In an editorial titled "Baker's Book Is Half-Baked", published in the May 15, 2001 issue of Library Journal, Francine Fialkoff says that Baker "doesn't understand – and perhaps never will – that the purpose of libraries is access."

In the June 1, 2001 issue of Library Journal, Baker responded to librarians in an interview with writer Andrew Richard Albanese. In the interview Baker states that some reviewers of Double Fold had misrepresented his opinions and that librarians may be reading these misguided reviews and taking offense without having read the book itself.

Later that year, Baker was invited to speak at the annual American Library Association conference in San Francisco. He called himself a "library activist" and reiterated the need for libraries to retain last copies, as well as originals.

Richard Cox, a professor and archivist from the University of Pittsburgh, responded to Double Fold with a book of his own; Vandals in the Stacks: A Response to Nicholson Baker's Assault on Libraries was published in 2002. In 2000, Cox published a critique of Double Fold called "The Great Newspaper Caper: Backlash in the Digital Age" that appeared in the journal First Monday. In both the article and the book, Cox admits that some good could come from public discourse about preservation issues, but maintains that "the problems are much more complex than Mr. Baker understands or cares to discuss." He writes: "one can believe in the continuing utility of print and the value of maintaining books and some newspapers in their original condition, while recognizing that the ultimate preservation demands requires mechanisms like microfilming and digitization projects," and worries that Baker's focus on original formats will "divert the public's attention from the greater issues facing the preservation of the books, documents, newspapers, and other artifacts of the past."

Marlene Manoff writes: "Museums and libraries both are wrestling with the need to democratize and to expand their audiences and to find new sources of funding. Both are exploiting new technologies to transform their internal operations and the nature of the materials and services they provide." Manoff notes that "discarding books and newspapers, however serious a problem, is not itself the destruction of history" but also acknowledges that the call for libraries to take on a stronger role in preserving the historical record is valid.

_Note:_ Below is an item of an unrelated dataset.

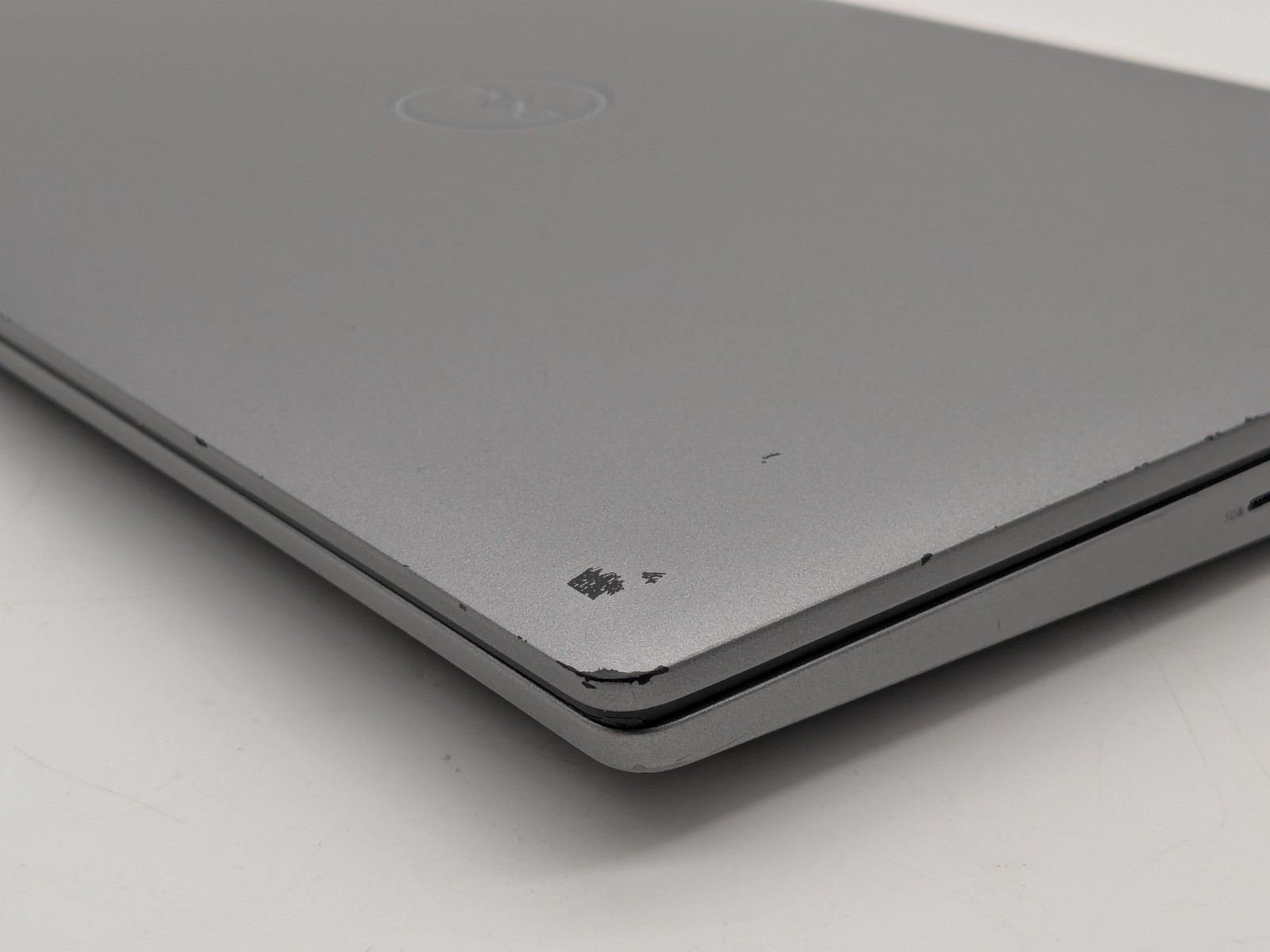 Dell Latitude 5540 15″ FHD Touch I7-1365U 512GB 16GB W11P Backlit FPR Fair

==American Newspaper Repository==
In 1999, Baker founded the American Newspaper Repository in order to save some of the collections being auctioned off by the British Library. A year later, he became the owner of thousands of volumes of old newspapers, including various runs of The New York Times, the Chicago Tribune, the New York Herald Tribune, and the New York World. In May 2004, his collection was moved to Duke University, where it is stored on climate-controlled shelves and maintained by the Rare Books and Special Collections division. As part of the gift agreement between the American Newspaper Repository and Duke, the collection is to be kept together in perpetuity, and no disbinding or experimental deacidification is allowed.